No. Acrylic nails are not harmful to humans as long as you dont EAT them!!! And once cured, they do not dissolve in water. :roll: Your acrylic tank isnt harmful to your fish right? lol


----------



## sirdavidofdiscus (Dec 8, 2006)

I didn't say the nails themselves I asked about the adhesives used to attach the nails and the nail polish. These are both pretty harmful when wet, but cured and start flaking off in the aquarium How dangerous are they? I don't know about your fish but almost every fish I've got will at least taste anything it can fit in its mouth. So items that are not harmful to humans to put on outside of the body doesn't mean you can eat it.


----------



## beachtan (Sep 25, 2008)

sirdavidofdiscus said:


> I didn't say the nails themselves I asked about the adhesives used to attach the nails and the nail polish. These are both pretty harmful when wet, but cured and start flaking off in the aquarium How dangerous are they? I don't know about your fish but almost every fish I've got will at least taste anything it can fit in its mouth. So items that are not harmful to humans to put on outside of the body doesn't mean you can eat it.
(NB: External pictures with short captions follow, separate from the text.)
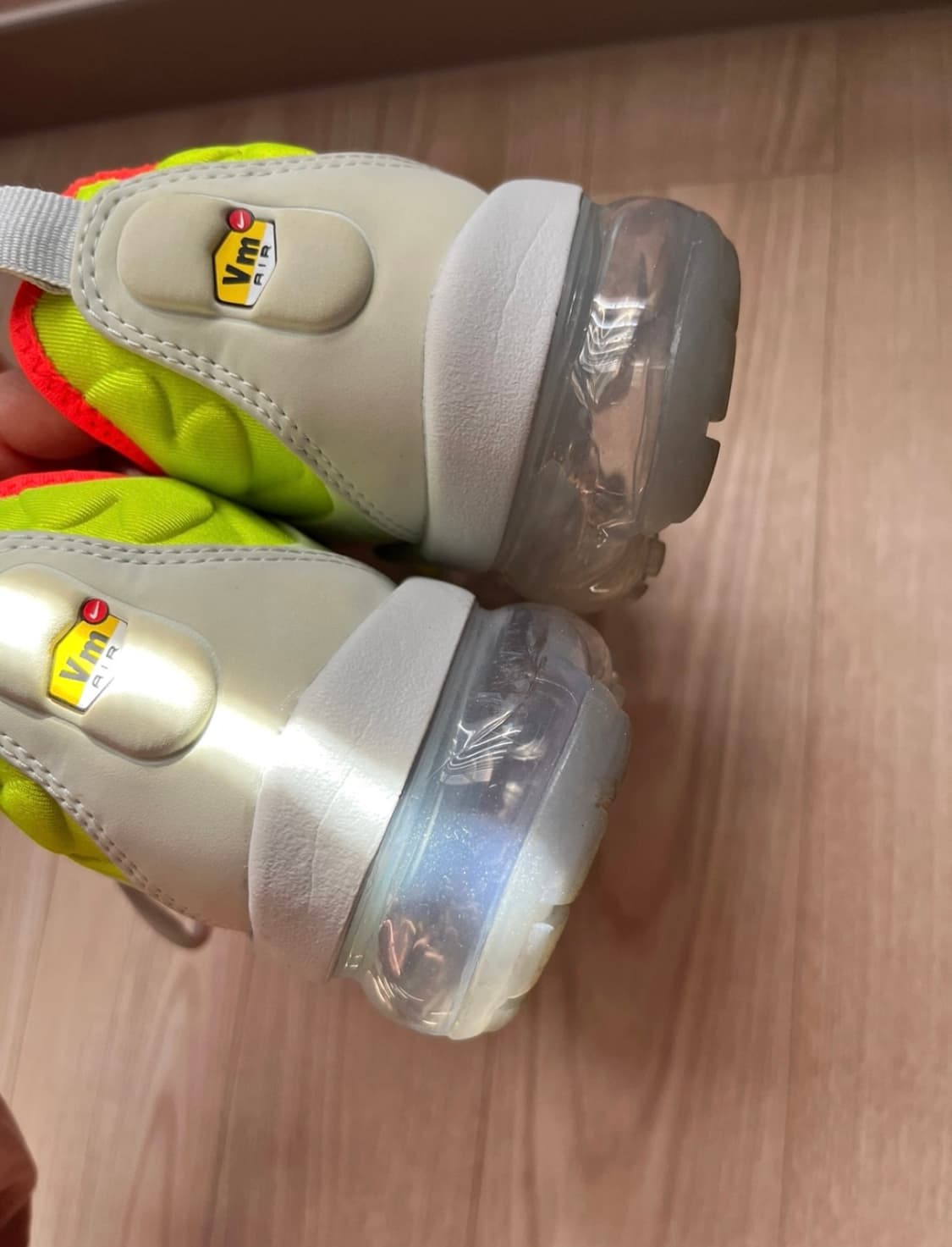 나이키 베이퍼맥스플러스 230cm nike vapormax plus 상품이미지4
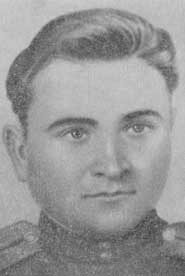 Пётр Фёдороваич Макаров , Герой Советского Союза ,  двоюродный брат моего отца . Фотграфия из книги памяти  " Смиоляне - Герои Советского Союза ".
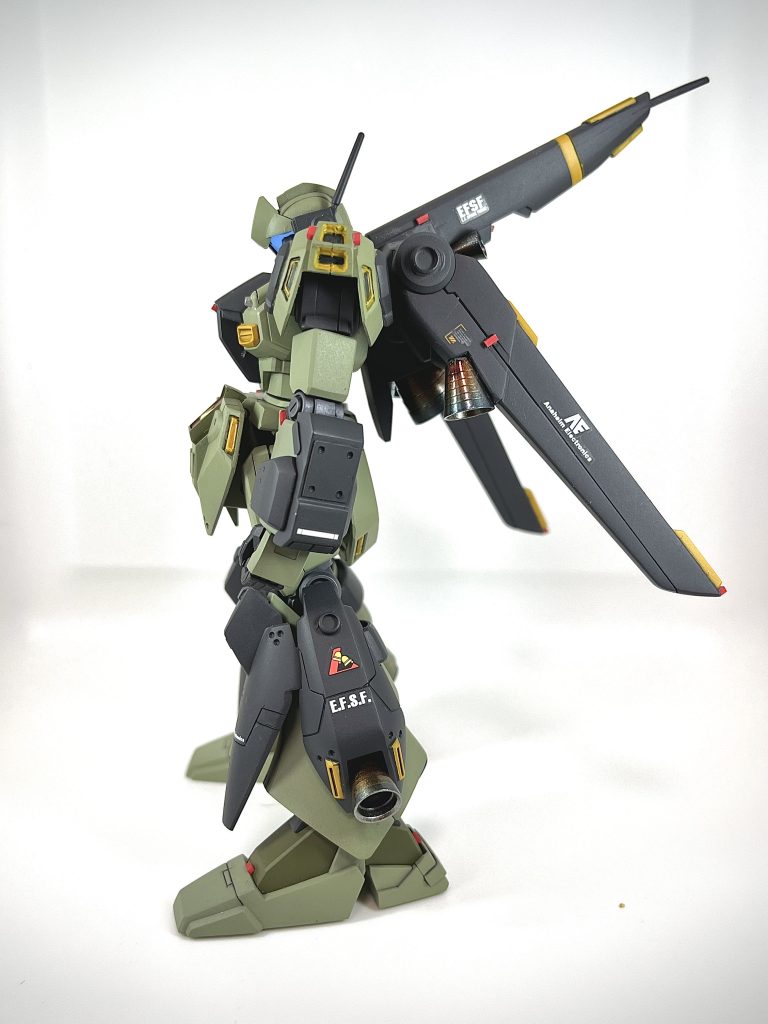 左正面です。バーニアは焼き色にしました。膝のグレネード装甲にプラ板貼り付けてドリルでモールド作成して。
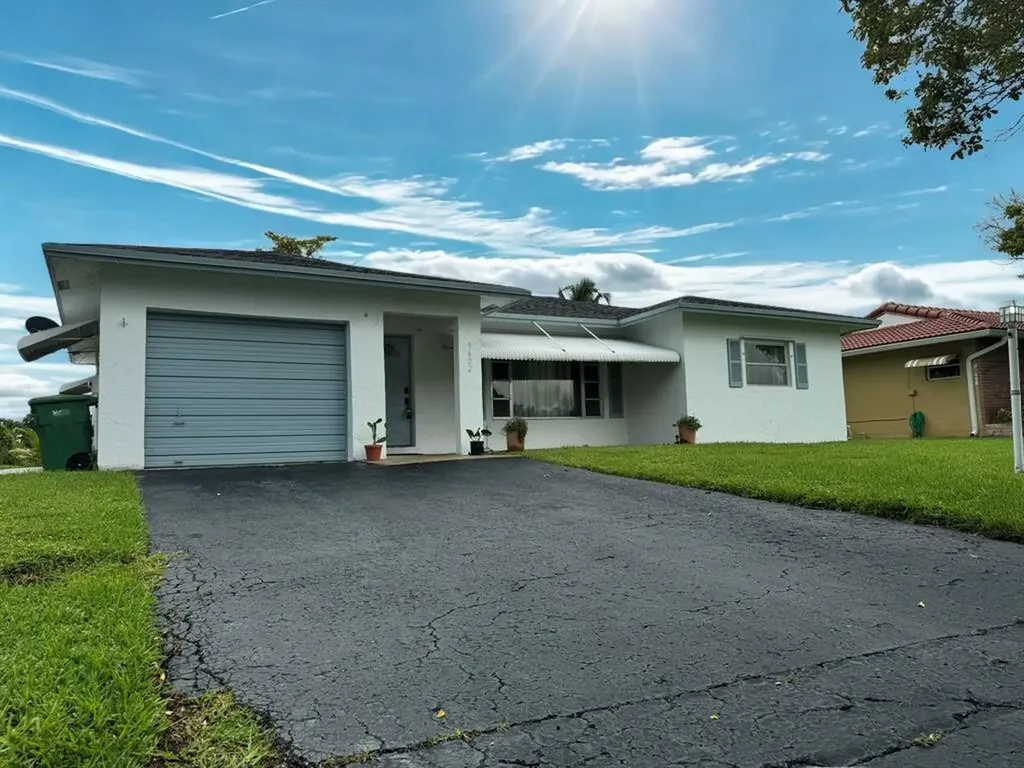 9602 NW 72nd Street Tamarac FL 33321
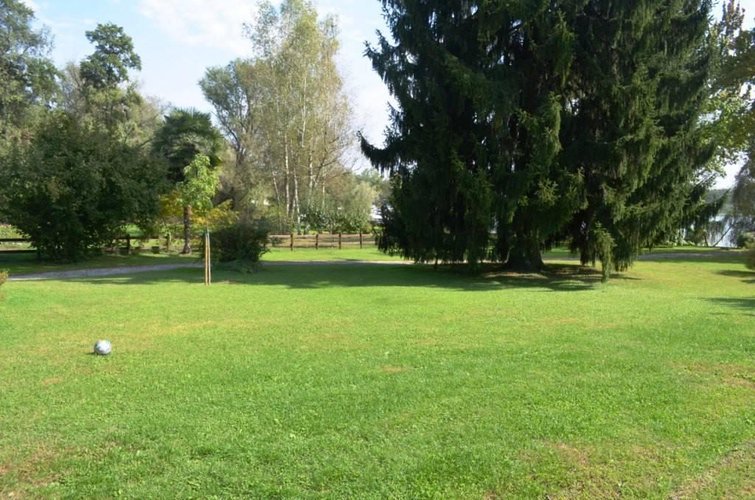 Sesto Calende (VA)  Villetta con darsena Sesto calende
I'm not sure why you are questioning this but if you really wanna know... acrylic nails are not "press-ons" held on with adhesive. Acrylic nails are a wet acrylic liquid painted over your regular nail and it hardens rather quickly and is filed into the correct shape. Have you ever had to repair an acrylic tank? The acrylic is a liquid that comes in a tube and hardens to a non water- soluble plastic. There is nothing to leach into the tank. There is no "adhesive" to attach nail polish to a nail. Its just enamel paint - you can paint things and place them in your aquarium as well. Polish does not "flake off" acrylic nails; it basically grows out and you go for periodic fills and they re-polish the whole nail. So just relax - my fish are fine. Geesh!! lol I need some ladies to help me out here!!! 

I'm not gonna talk on this any further. This is a kinda random tangeant for a fish forum!!! plus I have to be up early tomorrow for my nail appointment :lol:


----------